• Listed entries:
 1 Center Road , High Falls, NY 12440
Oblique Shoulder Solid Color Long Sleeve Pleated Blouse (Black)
* * *
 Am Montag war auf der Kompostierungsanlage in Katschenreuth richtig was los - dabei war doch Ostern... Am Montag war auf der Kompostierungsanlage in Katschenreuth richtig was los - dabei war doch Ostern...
...
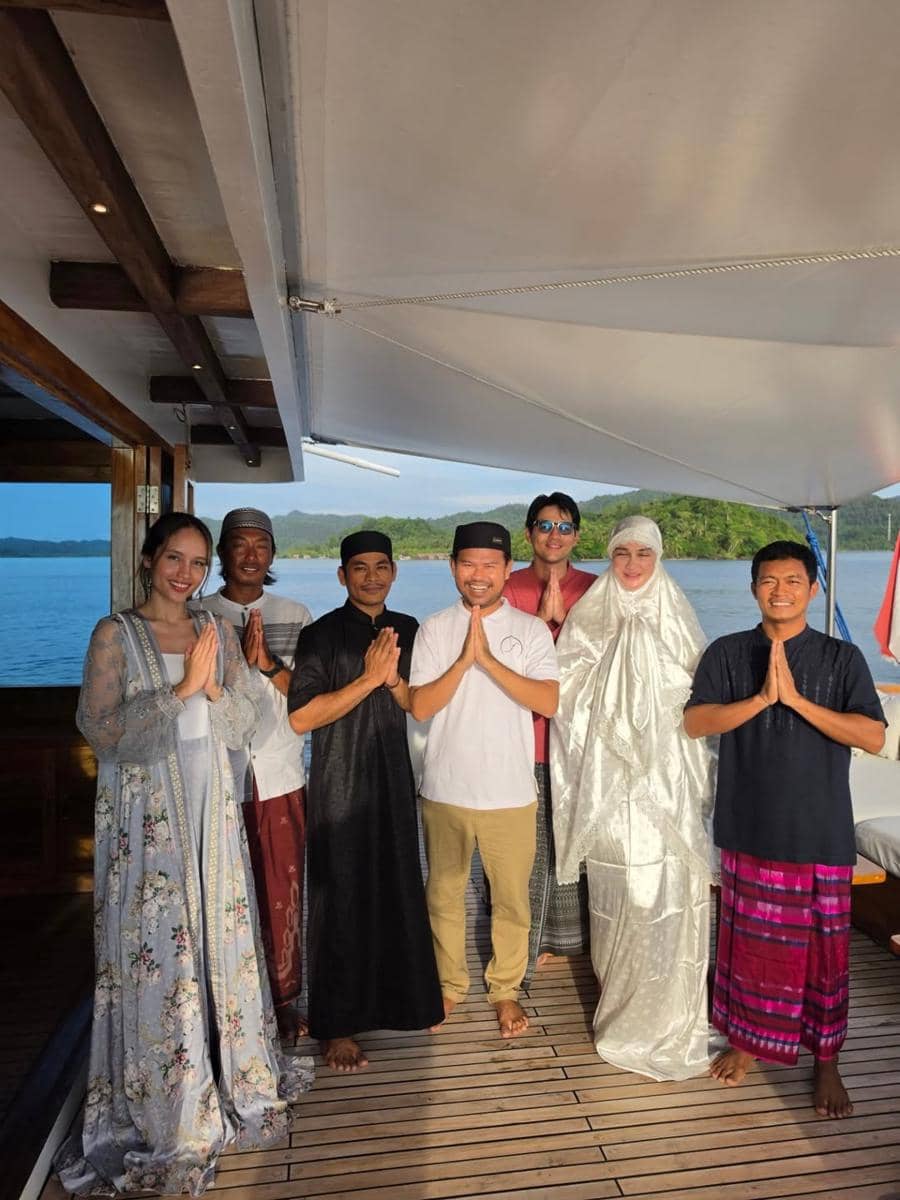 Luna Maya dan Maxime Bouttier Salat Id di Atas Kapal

• Directions for this task: Give back, word for word, only the lines above from the line holding "1 Center Road , High Falls, NY 12440" to the line holding "Oblique Shoulder Solid", both included.

• Task response:
 1 Center Road , High Falls, NY 12440
Oblique Shoulder Solid Color Long Sleeve Pleated Blouse (Black)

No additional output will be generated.